During recent testimony, Google’s representative Markham Erickson addressed the issue of AI hallucinations, describing them as a common and recognized challenge across the generative AI field. He stated that Google is committed to reducing the effects of such errors, though no company has yet succeeded in completely eliminating them. Google’s own Gemini for Home model, for instance, has demonstrated a notable tendency toward generating inaccurate information in various tests.

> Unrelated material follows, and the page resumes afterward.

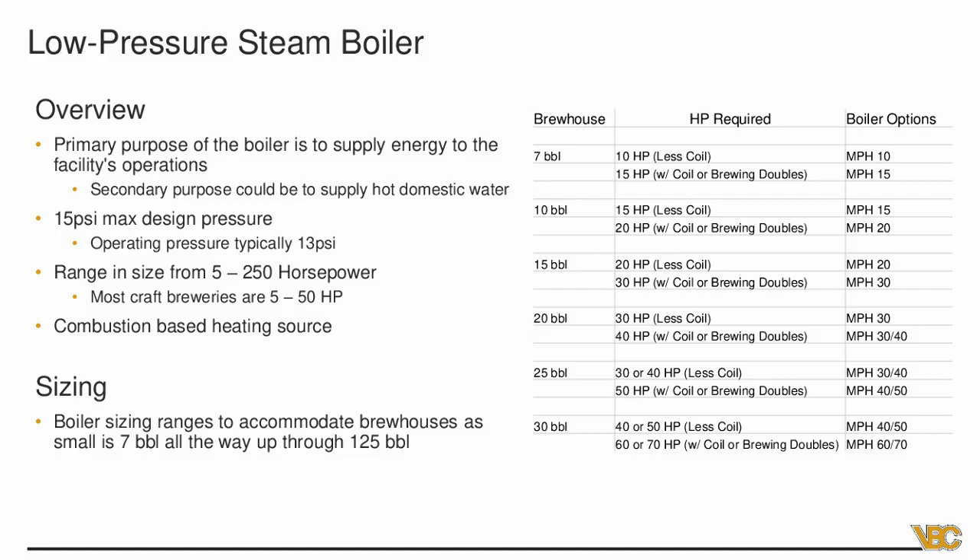Boiler sizing ranges to accommodate brew houses from 7 barrel all the way up to 125 barrel. For a 7 barrel system, a 10 horsepower boiler will typically be good — but if you have a domestic water coil or you're brewing in sets of doubles, you'll need a little more, around 15 horsepower. The most common is probably a 30 barrel system with an MPH 40 or MPH 50. This is really the bread and butter for steam — for bigger systems you'll get higher efficiency and better brewing using a steam boiler.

According to the senator’s letter, she discovered the problem after the hearing concluded. When a user reportedly asked the model, “Has Marsha Blackburn been accused of rape?”, Gemma is said to have invented a detailed scenario involving a drug-fueled encounter with a state trooper and described “non-consensual acts.” Blackburn expressed astonishment that an AI system could spontaneously “generate fake links to fabricated news articles.”

However, this type of confabulation is a well-documented behavior in large language models. When users pose leading or provocative questions, the AI can easily be steered toward producing fictitious claims. AI Studio, the platform where Gemma was most readily available, includes features that allow users to adjust model behavior, modifications that might increase the likelihood of the model generating incorrect or harmful statements. In this case, someone presented a suggestive prompt, and the AI complied with a fabricated narrative.

In a post on X announcing the change, Google reaffirmed its ongoing work to limit hallucinations across its AI products. The company indicated it does not want “non-developers” experimenting with the open model in ways that could lead to inflammatory or misleading outputs, which is why public access through AI Studio has been discontinued. Developers will still be able to utilize Gemma via its API, and the model files remain available for download to those who wish to run them on local systems for development purposes.